[[ RECORDS FOR THIS EXERCISE, beginning ]]

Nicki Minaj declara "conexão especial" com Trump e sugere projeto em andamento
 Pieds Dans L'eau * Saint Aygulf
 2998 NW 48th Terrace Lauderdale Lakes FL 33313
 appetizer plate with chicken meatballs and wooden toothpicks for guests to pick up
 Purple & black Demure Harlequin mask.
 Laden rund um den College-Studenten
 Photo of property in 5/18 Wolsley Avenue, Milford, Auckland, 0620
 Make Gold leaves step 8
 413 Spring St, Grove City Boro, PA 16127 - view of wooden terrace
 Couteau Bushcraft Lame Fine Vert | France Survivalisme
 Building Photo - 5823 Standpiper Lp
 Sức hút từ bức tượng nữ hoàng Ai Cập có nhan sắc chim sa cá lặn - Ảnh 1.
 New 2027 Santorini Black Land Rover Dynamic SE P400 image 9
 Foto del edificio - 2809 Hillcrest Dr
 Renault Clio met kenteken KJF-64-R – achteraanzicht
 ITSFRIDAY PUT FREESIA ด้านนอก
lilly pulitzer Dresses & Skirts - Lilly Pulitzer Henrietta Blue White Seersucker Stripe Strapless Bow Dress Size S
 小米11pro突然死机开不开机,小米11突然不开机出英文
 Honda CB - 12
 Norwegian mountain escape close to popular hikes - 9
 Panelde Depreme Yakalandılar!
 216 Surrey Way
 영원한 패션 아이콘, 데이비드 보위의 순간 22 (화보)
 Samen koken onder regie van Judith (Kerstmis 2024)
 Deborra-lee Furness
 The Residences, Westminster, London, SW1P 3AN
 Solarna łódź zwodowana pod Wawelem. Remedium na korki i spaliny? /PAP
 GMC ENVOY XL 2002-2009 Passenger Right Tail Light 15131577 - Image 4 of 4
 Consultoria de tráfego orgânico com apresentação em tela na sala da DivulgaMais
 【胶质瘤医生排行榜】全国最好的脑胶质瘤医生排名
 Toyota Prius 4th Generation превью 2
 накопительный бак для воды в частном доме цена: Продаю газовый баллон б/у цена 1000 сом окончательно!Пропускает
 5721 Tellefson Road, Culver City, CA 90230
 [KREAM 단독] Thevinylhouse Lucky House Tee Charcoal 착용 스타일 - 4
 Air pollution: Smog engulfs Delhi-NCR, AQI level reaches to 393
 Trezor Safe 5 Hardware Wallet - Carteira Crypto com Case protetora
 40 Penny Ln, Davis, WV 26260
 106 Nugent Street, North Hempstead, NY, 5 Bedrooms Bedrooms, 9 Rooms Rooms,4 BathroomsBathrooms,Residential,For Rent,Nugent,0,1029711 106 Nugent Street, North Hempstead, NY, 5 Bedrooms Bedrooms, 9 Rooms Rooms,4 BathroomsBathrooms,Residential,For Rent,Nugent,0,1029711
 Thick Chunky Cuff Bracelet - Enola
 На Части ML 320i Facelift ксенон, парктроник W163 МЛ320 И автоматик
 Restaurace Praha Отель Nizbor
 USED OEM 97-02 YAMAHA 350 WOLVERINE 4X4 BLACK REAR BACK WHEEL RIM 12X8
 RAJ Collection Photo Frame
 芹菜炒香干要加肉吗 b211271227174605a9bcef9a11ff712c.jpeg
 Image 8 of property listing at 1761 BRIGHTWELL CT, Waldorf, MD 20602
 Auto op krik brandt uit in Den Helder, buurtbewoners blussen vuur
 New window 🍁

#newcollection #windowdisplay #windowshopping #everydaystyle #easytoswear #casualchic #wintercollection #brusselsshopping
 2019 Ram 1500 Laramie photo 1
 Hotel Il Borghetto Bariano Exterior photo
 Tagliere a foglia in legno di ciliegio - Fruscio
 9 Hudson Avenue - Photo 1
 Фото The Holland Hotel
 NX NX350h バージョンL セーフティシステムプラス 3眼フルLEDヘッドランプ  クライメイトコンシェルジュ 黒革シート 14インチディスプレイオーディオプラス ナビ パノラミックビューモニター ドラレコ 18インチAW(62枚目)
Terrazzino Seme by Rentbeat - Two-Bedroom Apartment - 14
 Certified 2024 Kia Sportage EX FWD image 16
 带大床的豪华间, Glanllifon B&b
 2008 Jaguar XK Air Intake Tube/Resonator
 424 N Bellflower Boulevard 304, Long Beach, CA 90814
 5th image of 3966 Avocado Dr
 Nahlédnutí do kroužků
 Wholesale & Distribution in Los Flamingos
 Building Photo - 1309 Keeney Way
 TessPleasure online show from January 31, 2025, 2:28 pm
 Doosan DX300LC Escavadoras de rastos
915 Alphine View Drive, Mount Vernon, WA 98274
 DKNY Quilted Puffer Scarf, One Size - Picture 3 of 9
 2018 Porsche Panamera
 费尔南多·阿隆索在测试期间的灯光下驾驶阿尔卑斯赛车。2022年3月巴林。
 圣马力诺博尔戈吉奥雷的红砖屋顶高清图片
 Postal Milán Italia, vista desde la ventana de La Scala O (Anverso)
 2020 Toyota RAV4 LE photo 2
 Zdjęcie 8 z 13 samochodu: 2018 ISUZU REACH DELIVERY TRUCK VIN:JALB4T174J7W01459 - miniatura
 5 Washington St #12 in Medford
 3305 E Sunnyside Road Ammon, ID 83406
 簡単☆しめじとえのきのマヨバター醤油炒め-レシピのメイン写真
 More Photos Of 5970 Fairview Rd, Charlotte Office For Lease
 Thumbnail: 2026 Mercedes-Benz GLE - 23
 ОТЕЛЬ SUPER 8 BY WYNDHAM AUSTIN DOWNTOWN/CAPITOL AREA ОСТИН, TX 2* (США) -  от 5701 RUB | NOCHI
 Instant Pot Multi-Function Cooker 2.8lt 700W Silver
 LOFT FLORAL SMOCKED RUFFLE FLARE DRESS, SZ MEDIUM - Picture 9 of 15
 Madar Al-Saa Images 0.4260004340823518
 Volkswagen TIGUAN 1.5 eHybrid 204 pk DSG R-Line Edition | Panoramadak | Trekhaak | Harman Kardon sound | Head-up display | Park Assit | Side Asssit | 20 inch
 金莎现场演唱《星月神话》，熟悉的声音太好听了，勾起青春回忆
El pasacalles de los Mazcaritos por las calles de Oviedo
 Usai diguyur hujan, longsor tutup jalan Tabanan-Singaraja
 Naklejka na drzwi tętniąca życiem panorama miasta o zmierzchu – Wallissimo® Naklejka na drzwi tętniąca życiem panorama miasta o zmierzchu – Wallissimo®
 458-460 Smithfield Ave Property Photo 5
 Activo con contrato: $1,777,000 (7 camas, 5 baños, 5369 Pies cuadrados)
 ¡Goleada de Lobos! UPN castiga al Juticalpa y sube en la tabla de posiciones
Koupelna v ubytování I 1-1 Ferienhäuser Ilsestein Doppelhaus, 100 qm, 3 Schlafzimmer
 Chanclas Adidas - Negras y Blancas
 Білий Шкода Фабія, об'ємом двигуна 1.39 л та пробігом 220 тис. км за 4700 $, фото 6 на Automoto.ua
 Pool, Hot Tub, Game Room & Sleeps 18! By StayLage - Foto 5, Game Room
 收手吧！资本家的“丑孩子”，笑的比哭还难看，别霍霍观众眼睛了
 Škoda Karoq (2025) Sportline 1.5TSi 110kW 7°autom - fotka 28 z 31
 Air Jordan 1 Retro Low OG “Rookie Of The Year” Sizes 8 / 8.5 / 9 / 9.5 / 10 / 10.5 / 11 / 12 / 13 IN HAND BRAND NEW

[[ RECORDS FOR THIS EXERCISE, end ]]

TASK BRIEF >> Go through the entries and return each line where the word "Hotel" occurs.

PROBLEM SOLUTION >>
 Hotel Il Borghetto Bariano Exterior photo
 Фото The Holland Hotel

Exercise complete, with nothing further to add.